THE PROBLEM >>
Go to the line in the entries below that holds "BUY VAUXHALL ZAFIRA" and repeat exactly from there through the line that holds "Tatuagem do Corinthians do Binho Charada", inclusive.

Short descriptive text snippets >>
┌────────

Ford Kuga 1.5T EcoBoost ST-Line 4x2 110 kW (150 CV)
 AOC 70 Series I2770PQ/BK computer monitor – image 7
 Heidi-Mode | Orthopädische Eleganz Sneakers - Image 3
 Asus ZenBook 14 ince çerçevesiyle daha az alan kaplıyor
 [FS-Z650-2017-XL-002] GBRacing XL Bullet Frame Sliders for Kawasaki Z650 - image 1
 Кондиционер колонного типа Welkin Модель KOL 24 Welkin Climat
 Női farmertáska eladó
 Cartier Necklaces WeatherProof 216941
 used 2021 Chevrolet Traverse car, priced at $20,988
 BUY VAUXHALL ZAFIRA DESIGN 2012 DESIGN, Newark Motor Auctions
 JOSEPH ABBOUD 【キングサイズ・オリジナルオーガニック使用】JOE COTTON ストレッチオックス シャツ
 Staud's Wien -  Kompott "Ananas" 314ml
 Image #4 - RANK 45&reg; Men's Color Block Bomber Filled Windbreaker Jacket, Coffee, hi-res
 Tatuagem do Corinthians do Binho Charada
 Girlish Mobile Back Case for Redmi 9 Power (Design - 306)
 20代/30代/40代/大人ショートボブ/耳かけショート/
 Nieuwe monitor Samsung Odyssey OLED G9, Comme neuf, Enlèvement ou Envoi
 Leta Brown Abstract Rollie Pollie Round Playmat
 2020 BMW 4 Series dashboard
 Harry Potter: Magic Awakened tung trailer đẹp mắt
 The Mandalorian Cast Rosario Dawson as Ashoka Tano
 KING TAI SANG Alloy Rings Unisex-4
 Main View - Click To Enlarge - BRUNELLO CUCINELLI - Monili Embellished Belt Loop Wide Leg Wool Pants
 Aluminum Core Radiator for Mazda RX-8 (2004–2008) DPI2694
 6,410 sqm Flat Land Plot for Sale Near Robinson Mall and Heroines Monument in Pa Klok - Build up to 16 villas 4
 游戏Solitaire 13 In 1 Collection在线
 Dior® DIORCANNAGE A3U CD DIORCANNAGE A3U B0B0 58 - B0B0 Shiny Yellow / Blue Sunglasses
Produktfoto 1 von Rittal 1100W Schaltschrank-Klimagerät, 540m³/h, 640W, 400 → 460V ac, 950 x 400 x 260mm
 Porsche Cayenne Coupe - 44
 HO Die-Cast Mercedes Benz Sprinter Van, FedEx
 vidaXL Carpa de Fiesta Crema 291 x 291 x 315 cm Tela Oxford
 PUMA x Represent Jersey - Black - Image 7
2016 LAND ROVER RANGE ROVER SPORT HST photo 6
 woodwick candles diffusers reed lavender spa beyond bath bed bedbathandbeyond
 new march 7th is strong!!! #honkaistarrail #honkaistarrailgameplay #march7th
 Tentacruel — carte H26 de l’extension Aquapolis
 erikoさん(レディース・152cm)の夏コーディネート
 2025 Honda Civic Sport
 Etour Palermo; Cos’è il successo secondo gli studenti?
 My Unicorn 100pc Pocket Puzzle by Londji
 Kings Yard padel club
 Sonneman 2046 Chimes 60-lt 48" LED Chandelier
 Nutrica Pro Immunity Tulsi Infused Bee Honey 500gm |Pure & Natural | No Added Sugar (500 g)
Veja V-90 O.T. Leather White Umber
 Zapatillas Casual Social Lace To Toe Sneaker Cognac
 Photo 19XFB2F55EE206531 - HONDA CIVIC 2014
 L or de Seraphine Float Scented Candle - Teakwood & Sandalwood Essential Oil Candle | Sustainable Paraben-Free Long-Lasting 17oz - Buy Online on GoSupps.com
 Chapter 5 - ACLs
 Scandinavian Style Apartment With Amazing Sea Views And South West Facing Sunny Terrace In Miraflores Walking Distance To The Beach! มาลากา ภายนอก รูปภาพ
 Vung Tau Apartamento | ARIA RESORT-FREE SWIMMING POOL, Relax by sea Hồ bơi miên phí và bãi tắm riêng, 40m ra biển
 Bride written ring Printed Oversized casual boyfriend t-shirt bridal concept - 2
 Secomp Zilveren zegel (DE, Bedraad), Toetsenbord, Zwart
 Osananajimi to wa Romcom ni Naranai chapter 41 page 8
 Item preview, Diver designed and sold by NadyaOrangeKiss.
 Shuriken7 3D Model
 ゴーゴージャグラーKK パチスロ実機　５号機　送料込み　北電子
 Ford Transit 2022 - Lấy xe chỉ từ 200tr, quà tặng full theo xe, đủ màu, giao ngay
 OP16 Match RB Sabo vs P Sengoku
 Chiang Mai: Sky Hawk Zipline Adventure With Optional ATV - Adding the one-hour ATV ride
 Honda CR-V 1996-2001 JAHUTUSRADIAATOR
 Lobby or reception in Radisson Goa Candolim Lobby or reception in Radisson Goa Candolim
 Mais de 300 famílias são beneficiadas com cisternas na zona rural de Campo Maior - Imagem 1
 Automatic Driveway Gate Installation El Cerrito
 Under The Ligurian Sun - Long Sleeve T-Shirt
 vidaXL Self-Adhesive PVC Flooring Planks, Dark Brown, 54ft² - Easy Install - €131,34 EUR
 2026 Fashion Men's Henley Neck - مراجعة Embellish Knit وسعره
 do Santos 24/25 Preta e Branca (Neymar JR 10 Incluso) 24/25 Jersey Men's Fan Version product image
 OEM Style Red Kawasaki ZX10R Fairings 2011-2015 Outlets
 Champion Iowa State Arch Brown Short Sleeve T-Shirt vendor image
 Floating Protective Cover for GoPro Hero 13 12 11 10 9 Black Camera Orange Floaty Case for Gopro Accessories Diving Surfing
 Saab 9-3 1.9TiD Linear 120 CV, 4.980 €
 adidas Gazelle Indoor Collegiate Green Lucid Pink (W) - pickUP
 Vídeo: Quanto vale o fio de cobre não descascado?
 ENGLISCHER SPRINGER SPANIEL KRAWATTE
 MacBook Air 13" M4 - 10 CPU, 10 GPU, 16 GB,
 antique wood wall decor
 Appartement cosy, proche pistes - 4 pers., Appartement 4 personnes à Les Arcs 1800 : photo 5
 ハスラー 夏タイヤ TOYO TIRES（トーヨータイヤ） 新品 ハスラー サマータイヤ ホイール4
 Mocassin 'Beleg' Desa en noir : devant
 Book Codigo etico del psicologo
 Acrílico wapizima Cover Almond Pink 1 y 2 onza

└────────

ANSWER BELOW >>
 BUY VAUXHALL ZAFIRA DESIGN 2012 DESIGN, Newark Motor Auctions
 JOSEPH ABBOUD 【キングサイズ・オリジナルオーガニック使用】JOE COTTON ストレッチオックス シャツ
 Staud's Wien -  Kompott "Ananas" 314ml
 Image #4 - RANK 45&reg; Men's Color Block Bomber Filled Windbreaker Jacket, Coffee, hi-res
 Tatuagem do Corinthians do Binho Charada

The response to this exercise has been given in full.